Ah the memories
Eric Lippert’s blog post about partial order sorting was, as always, interesting and well written. However, this specific post brought back memories of a project I did for Gateway Foods of Lacrosse Wisconsin back in the early 90’s. (I googled them and they don’t appear to no longer exist.)
Though my project was not as fun or easy to understand as Eric’s example, Gateway wanted to perform the "hot and new" business analysis called Activity-Based Costing, or ABC. Instead of just looking at which food items were most profitable, they looked at which customers were most profitable.
Aced-out by the SQL dude
They hired one of the big eight firms (remember when they were called "the big eight?) Booze-Allen-Hamilton to do the analysis and then went looking for a programmer. I heard about the project from my contact "George" for whom I had delivered a training course on Clipper earlier. I got excited, but really had no chance at it because the IT department didn’t believe in PCs, so they hired a SQL programmer to implement.

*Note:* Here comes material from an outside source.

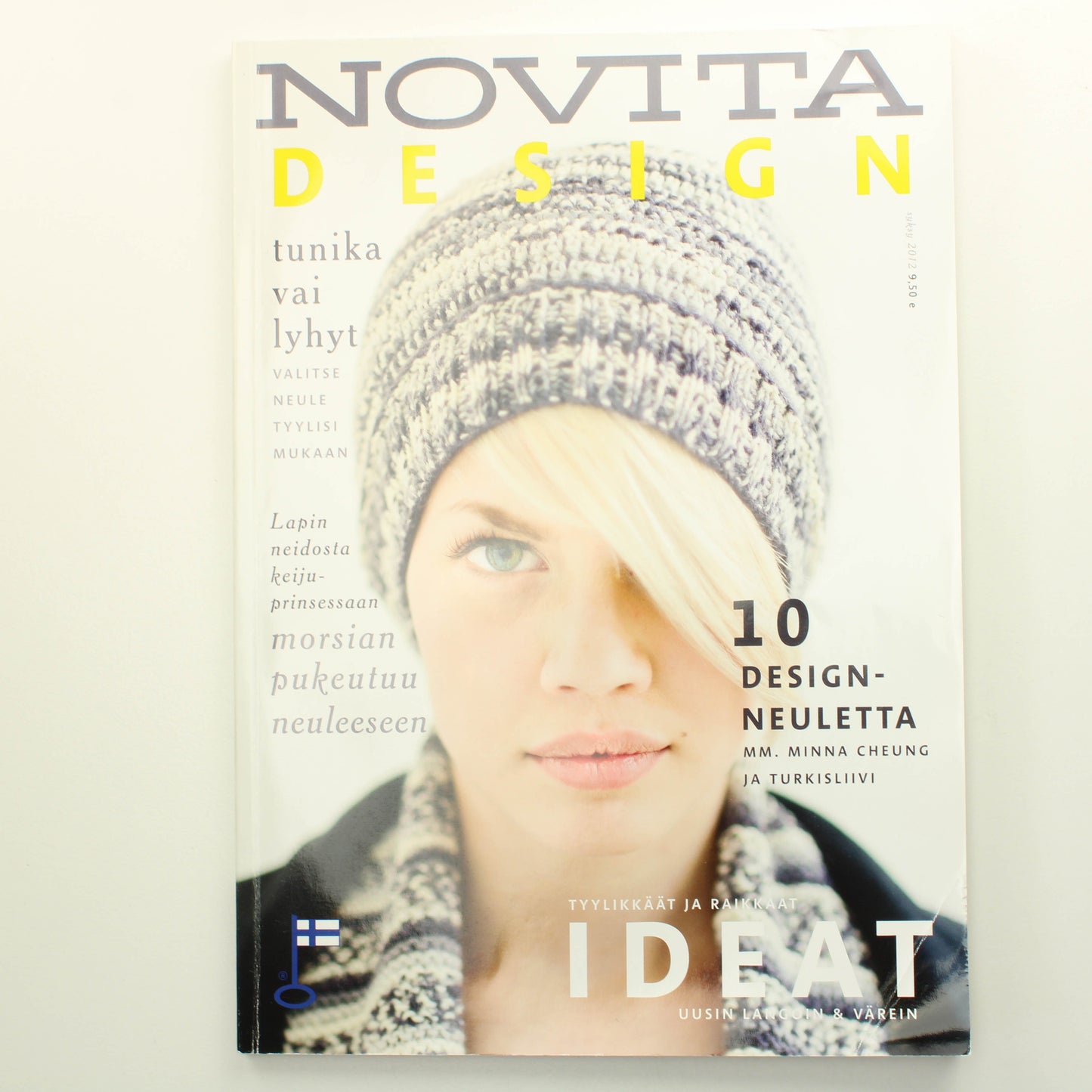 Novita 2012 - Syksy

A few months went by and George called to tell me the project was going no where. A few more later George cakked to tell me the project was in real trouble. A few month more still, and I got a call from George asking if I could I start on the project that week in hopes of salvaging it (of course they had already spent most of the budget on the SQL guy, but what can you do?)
Be careful what you wish for
Later that week I arrived and met with the people from Booze, and they proceeded to hand me a stack of paper 10 inches thick that contained the allocation formulas! (I kid you not.) My job was to write a Clipper program to apply those formulas to a HUGE 300Mb database (remember, this was the early 90s and 300Mb was huge back then.) The allocation formulas were for things like "Allocate the cost of fuel to deliver to each customer based on the miles required to travel to customer. Sum the cost of fuel and multiply by the miles traveled for each customer divided by total miles traveled to all customers." And so on. Around 1800+ formulas in all.
For the next three days, my eyes glazed over as they tried to understand the formulas. I starting thinking "What the hell have I got myself into? There is no way I will ever be able to understand all of these formulas well enough to encode them into a program. No wonder the SQL guy failed. I am screwed too!" But finally, it started to dawn on me; "Don’t learn the formulas, learn the patterns." I’ve always been extremely good at pattern recognition so why didn’t I see it immediately? (which contrasts nicely with all the other things at which I’m extremely bad.)
Patterns; what a concept!
The initial database had number tables like fooditems, customers, and order. It turned out there were only three patterns:
- Scan a table and perform a calculation like sum or average and write the output to a one-record table. Examples included calculating total sales, average order size, etc.
- Scan a table and perform a calculation like sum or average for each fooditem, or customer, or similar, and write the output to a table that has one record for every fooditem, customer, or similar.
- Scan a table and perform a calculation like every record and write the output to a table with the same number of records as the scanned table.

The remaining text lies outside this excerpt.